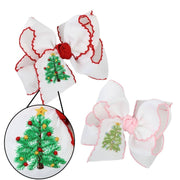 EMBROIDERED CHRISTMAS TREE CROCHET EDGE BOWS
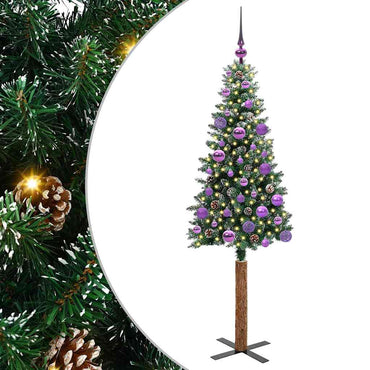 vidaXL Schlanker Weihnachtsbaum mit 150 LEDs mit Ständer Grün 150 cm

● ● ● ● ●

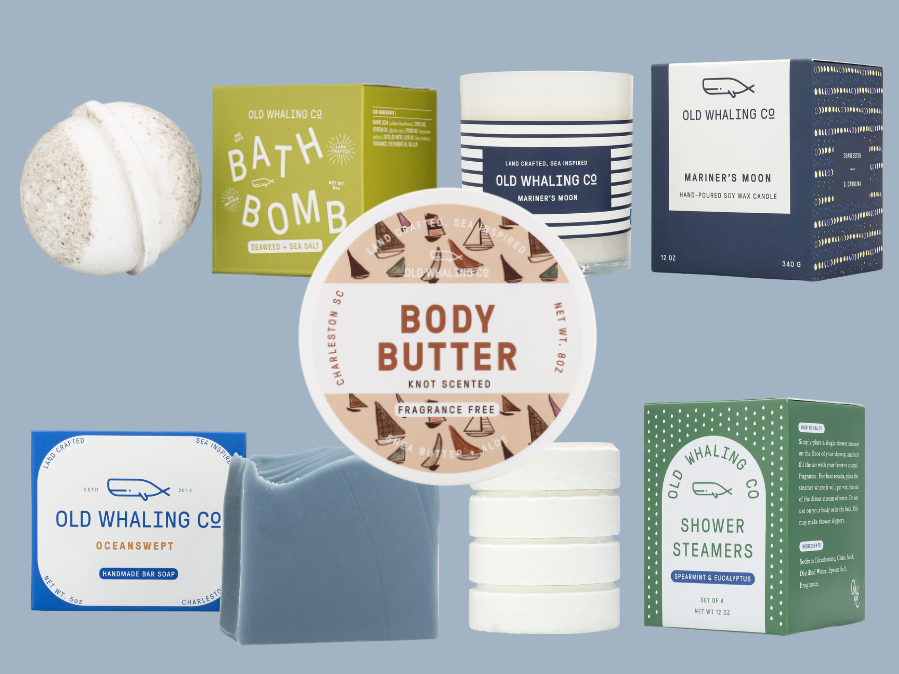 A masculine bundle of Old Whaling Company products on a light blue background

● ● ● ● ●

**WHAT YOU ARE ASKED TO DO:** Above are the records; copy exactly the lines from the one with "EMBROIDERED CHRISTMAS TREE CROCHET EDGE BOWS" through the one with "vidaXL Schlanker Weihnachtsbaum", including both, and nothing more. Leave out pictures.

**SOLUTION FOR THIS EXERCISE:**
 EMBROIDERED CHRISTMAS TREE CROCHET EDGE BOWS
 vidaXL Schlanker Weihnachtsbaum mit 150 LEDs mit Ständer Grün 150 cm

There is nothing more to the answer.